SCSI BUS Target Resets

Post by racma » Wed, 14 Sep 2005 11:43:16



We have a AIX, Solaris and Redhat/Suse environemnt attached to a EMC
Symmetrix DMX 3000 SAN. Running all different OS versions, Veritas
Clusters, Veritas Volume Manager, no Powerpath-just Veritas DMP for
multipathing. Some systems have 2 paths, some have one. Some systems
have the latest firmware and drivers, others don`t. Are HBAs are JNI,
Qlogic for Solaris and Emulex for our AIX/Linux. Brocade switches with
many FA ports, etc. We also have a Windows 2000 box that is in a
cluster with Emulex. We also have Oracle RAC environment. The problem
is since we migrated our servers from HP and SHARK to EMC, our systems
either crash or spit out disk errors in groups almost daily. Some
servers crash a few times a day. All outtages are random. EMC hooked up
an analyzer which traced the windows servers which was creating a scsi
target reset. When we shut down half of the windows cluster, errors
were reported on some of our other Unix servers. This did not resolve
the issues. We feel there may be many resets coming from different
servers. The AIX systems are set to Arbitrated loop but IBM claims
although the setting says arbitrated, it still trys point to point
first. I thought this may have been the issue. Also, there was also
talk of setting the c bit and d bit on the disks. Also, setting max
number of commands queued to the HBA? How about queue depth settings on
the disks set by the OS? Some of our servers dont have erros but youll
see io errors when moving a file within the filesytems and corruption
after a planned reboot. What could be causing these servers to crash
like this?
 
 
 

SCSI BUS Target Resets

Post by base6 » Wed, 14 Sep 2005 12:08:46


[snip]
 > Also, there was also

Quote:> talk of setting the c bit and d bit on the disks. Also, setting max
> number of commands queued to the HBA? How about queue depth settings on
> the disks set by the OS? Some of our servers dont have erros but youll
> see io errors when moving a file within the filesytems and corruption
> after a planned reboot.
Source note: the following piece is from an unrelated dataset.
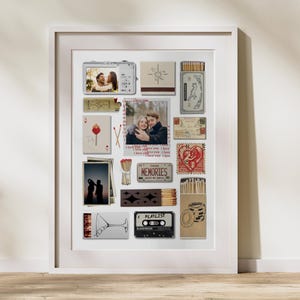 May include: A framed collage featuring photographs, matchboxes, and other memorabilia. The collage includes a photo of a couple, a vintage camera, and a cassette tape labeled "PLAYLIST". The overall theme is memories and romance.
What could be causing these servers to crash
> like this?

Similar environment...

Take a snap next time one of the AIX systems drop and ask IBM
to look at it... they were pretty helpful in our case even
though it wasn't their hardware.

Have EMC verify their microcode level to the OS & patch level...
after a microcode upgrade to our EMC SANs, our problem somehow
vanished.

Probably just a co-incidence :)

 
 
 

SCSI BUS Target Resets

Post by Adrian Bridget » Wed, 14 Sep 2005 23:53:33


In my experience AIX tries point-to-point/switch first, but then fails
back to fcal.  Motto being "plug fibres in first".  Doing an lsattr -El
fscsiX should say "switch" rather than fcal.  To reset them you have to
rmdev the fscsiX device (and fcsX device I think) and then cfgmgr it
back in again.

I'd also check the zoning - we normally put all boxes in a cluster in a
zone (e.g. hostA, hostB, arrayA, arrayB) but I've heard some people go
even further to say only one initiator per zone. (e.g. hostA, array A,
array B; then hostB, array A, array B in another).

HTH

Adrian

 
 
 

SCSI BUS Target Resets

Post by vlad... » Thu, 15 Sep 2005 20:33:46


the "attach" attribute controlled by "init_link" attribute of the
parent of fscsiX, corresponding fcsX,so

chdev -a init_link=pt2pt -P -l fcsX

and yes, zoning would be the first thing to look at.